Start of Data below
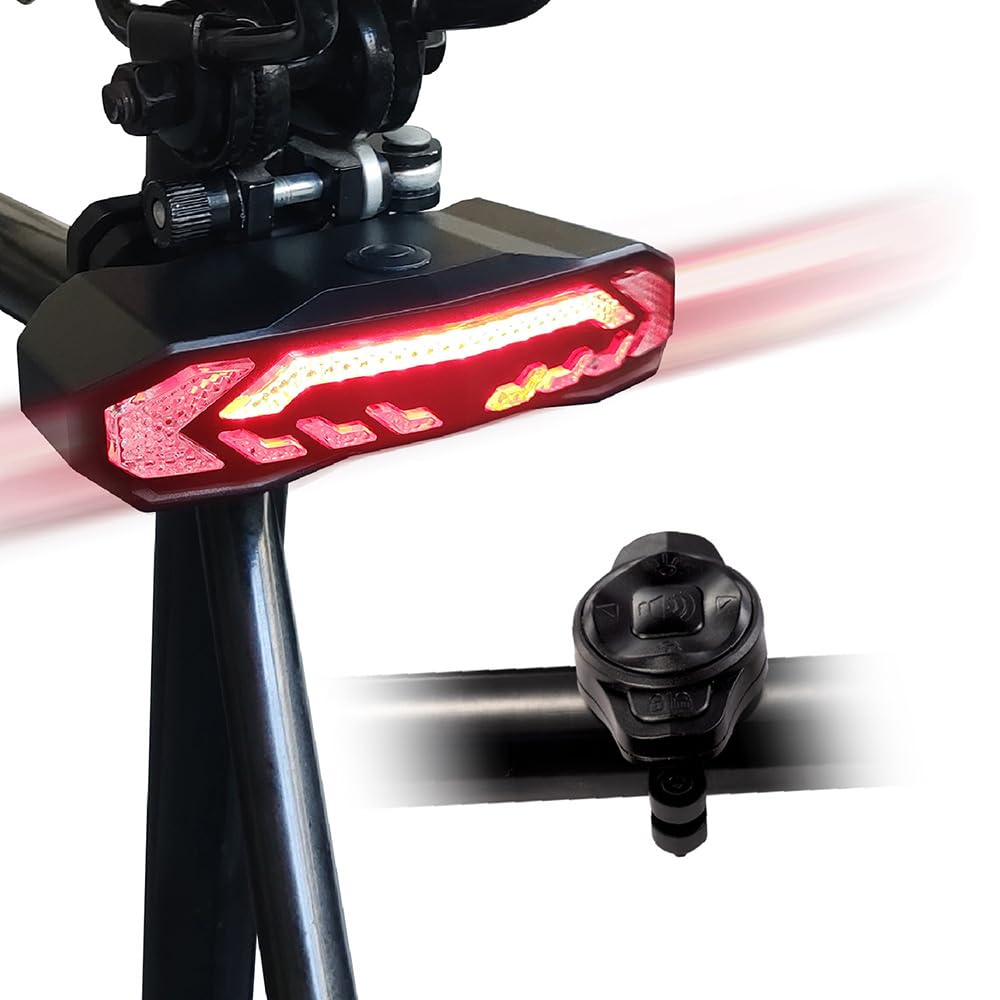 TKMARS Luz Trasera de Bicicleta, Luces para Bicicletas USB Recargable, Impermeable, Advertencia, 6 Modos, Luz Trasera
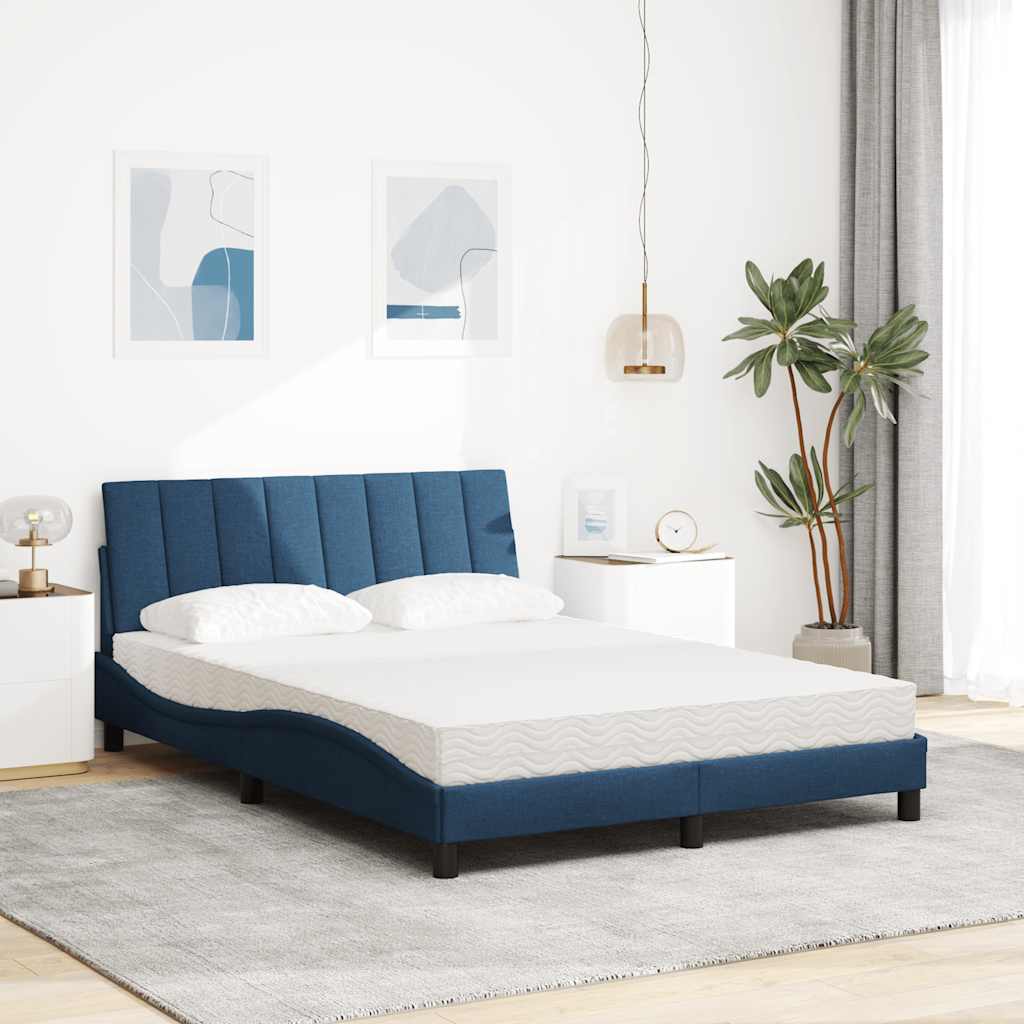 Letto con Materasso Hanko Blu 140x190 cm in Tessuto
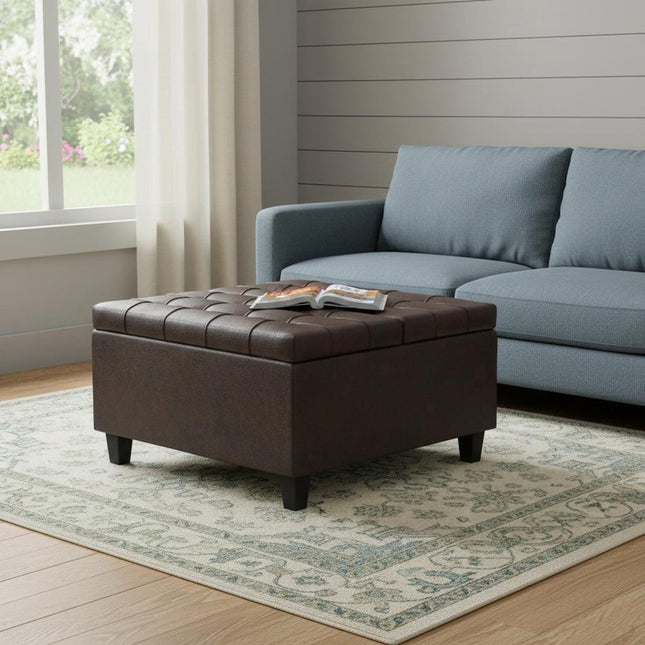30" Brown Leather Cocktail Ottoman With Storage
End of Data below
§ Work instruction:
What is needed is the listing above, repeated verbatim, without its images.

§ Completed task:
 TKMARS Luz Trasera de Bicicleta, Luces para Bicicletas USB Recargable, Impermeable, Advertencia, 6 Modos, Luz Trasera
 Letto con Materasso Hanko Blu 140x190 cm in Tessuto
30" Brown Leather Cocktail Ottoman With Storage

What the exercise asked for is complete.